Harry earns his entire living by betting on harness races and, like most gamblers, he has always been wary of dealings with the Internal Revenue Service. But he decided that the best way to handle his taxes was to be straightforward and relatively honest.

He kept meticulous records of all his gambling transactions that even eagle-eyed IRS nitpickers would find unassailable. On his tax returns he listed his occupation as "parimutuel bettor" and declared his earnings from gambling.

A navie soul might think that Harry would merit a citation as the taxpayer of the year. Instead, his straightforwardness led him into a bureaucratic thicket, into one of the Catch-22 situations that only the IRS could create.

In 1978 Harry had what he said was a sub-par year for him. He pushed $180,000 through the mutuel windows of harness tracks from New York to Florida and collected $200,000, for a profit of $20,000. Included in these winnings were about $24,000 worth of large payoffs on which the IRS had imposed its 20 percent withholding tax at the track. Harry was entitled to get some of this money back.

So he filed his tax return in the manner that IRS rules suggest. On Form 1040 he listed, $200,000 as income and subtracted a $180,000 deduction for gambling losses. The trouble with this method of reporting -- as opposed to listing only a $20,000 net profit from gambling -- is that it is sure to start red lights flashing on the IRS computer.

The lights did flash when the computer saw Harry's return, and he got a notice of an audit. But he could not have imagined what the IRS had in mind. The government was billing him for more than $9,000 as a "minimum tax" payment.

The minimum tax was instituted so that citizens with large, well-sheltered incomes would have to pay some taxes, no matter how many deductions they had fashioned. To apply this rule to someone who earned $20,000 was absurd, but the IRS was hypnotized by the $200,000 figure listed as income.

"In theory," Harry said, "I could start the year with $1,000, have $100,000 worth of activity at the windows and wind up with $1,000 at the end of the year. But the IRS would act as if I'd actually earned $100,000. It was crazy. So I went to the regional office and went through two or three levels of dummies before I found a bright young man who told me what to do."

On the suggestion of this IRS official, Harry filed an amended return and declared his gambling earnings on Schedule C, "Profit and Loss from Business or Profession." He listed his $180,000 in wagers as "cost of operations" and his $200,000 return as "gross receipts or sales." As business expenses he deducted mileage to racetracks, depreciation of his car, tips to the dinning-room maitre d's and other costs. He did this again on his 1979 return. And was audited again.

The IRS office in his home area challenged those deductions, but Harry asked that the audit be transferred to the Washington area, since he was operating at Rosecroft at the time.
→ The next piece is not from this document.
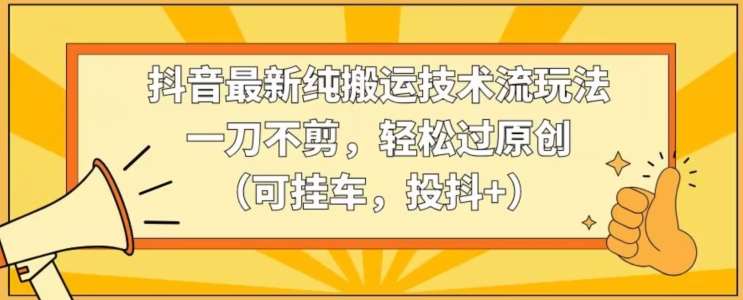 抖音最新纯搬运技术流玩法，一刀不剪，轻松过原创（可挂车，投抖+）【揭秘】|无忧资源社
The auditor here had no objections to these deductions. She scrutinized Harry's gambling records and found them in order, he had saved every parimutuel ticket and kept a ledger recording every bet he made. But she told him flatly. "Gambling is not a business. You can't file on Schedule C."

At this moment Harry remains in a government-created limbo. He wants to declare his income, but one agent won't let him use Schedule C, while another acknowledges that he would be crazy to use Form 1040 and be socked for a minimum tax.

"They want you to be honest," Harry moaned. "but they won't do it. They can't do it. Instead they drive you crazy."